Tahap Perkembangan Etika dalam Hukum Etika dalam konteks hukum berkembang melalui beberapa tahap:

Etika Teologis : Bersumber dari doktrin agama yang mengajarkan nilai baik dan buruk secara abstrak.
Etika Ontologis : Mengembangkan ajaran moral dari sudut pandang filosofis yang lebih mendalam.
Positivasi Etik : Perumusan kode etik atau pedoman perilaku yang lebih konkret untuk diterapkan dalam masyarakat.
Etika Fungsional Tertutup dan Terbuka: Melibatkan penerapan etika melalui mekanisme internal organisasi atau peradilan etik yang lebih transparan, seperti dalam pengawasan pejabat publik.
Proses Legislasi dalam Politik Hukum Indonesia
Politik hukum di Indonesia mulai tertata dengan pembentukan Badan Pembinaan Hukum Nasional (BPHN) pada tahun 1958, yang berfungsi merancang perencanaan hukum nasional. Pada tahun 1973, MPR menerbitkan TAP IV/MPR/73 tentang Garis-Garis Besar Haluan Negara (GBHN) yang berfungsi sebagai panduan bagi kebijakan politik hukum selama lima tahun ke depan. Prolegnas (Program Legislasi Nasional) yang dikelola oleh BPHN bertujuan untuk menetapkan prioritas penyusunan peraturan perundang-undangan yang sesuai dengan GBHN.

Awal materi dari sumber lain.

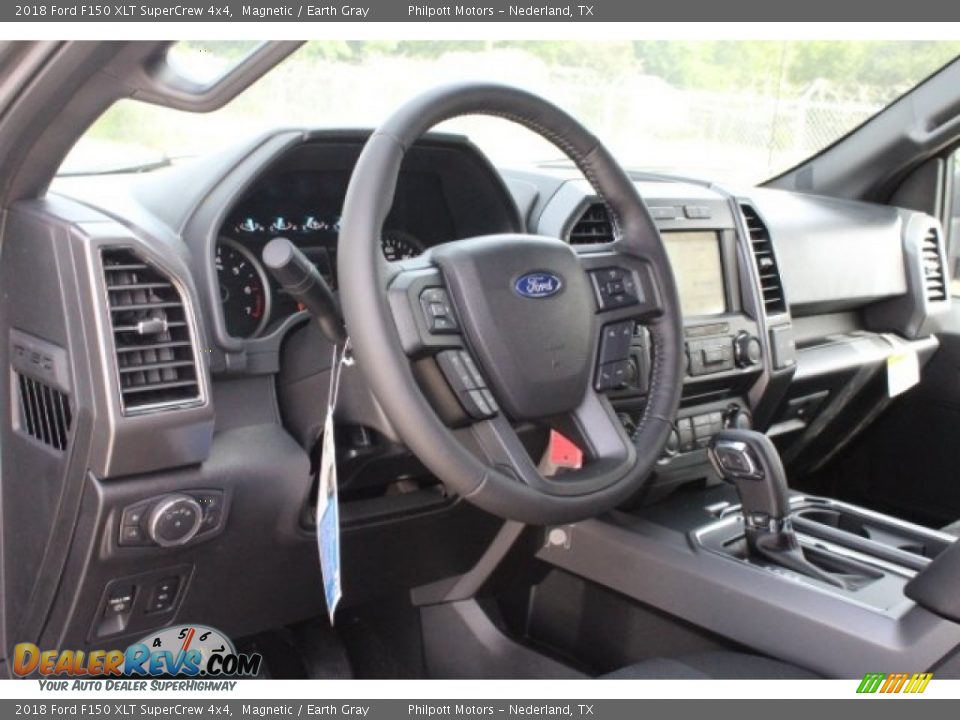 2018 Ford F150 XLT SuperCrew 4x4 Magnetic / Earth Gray Photo #14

Pasca Reformasi 1998, politik hukum mengalami perubahan signifikan. Kewenangan legislasi utama dialihkan ke DPR, sedangkan BPHN berperan dalam mendukung perencanaan legislasi. Prolegnas kemudian disahkan sebagai bagian dari Program Pembangunan Nasional melalui UU No. 10 Tahun 2004 dan diperbaharui dengan UU No. 12 Tahun 2011, yang mengatur tata cara pembentukan undang-undang melalui tahap perencanaan hingga penyebarluasan.

Kesimpulan
Jurnal ini menegaskan bahwa politik hukum di Indonesia harus selaras dengan nilai-nilai Pancasila sebagai sumber etika nasional. Melalui tiga dimensi hubungan hukum dan etika, penulis menunjukkan bahwa hukum tidak dapat dilepaskan dari landasan etis yang mendasarinya. Etika dalam politik hukum berperan sebagai pedoman moral yang memastikan bahwa tujuan hukum tidak hanya tercapai secara formal, tetapi juga berakar pada prinsip keadilan dan kesejahteraan sosial bagi seluruh masyarakat.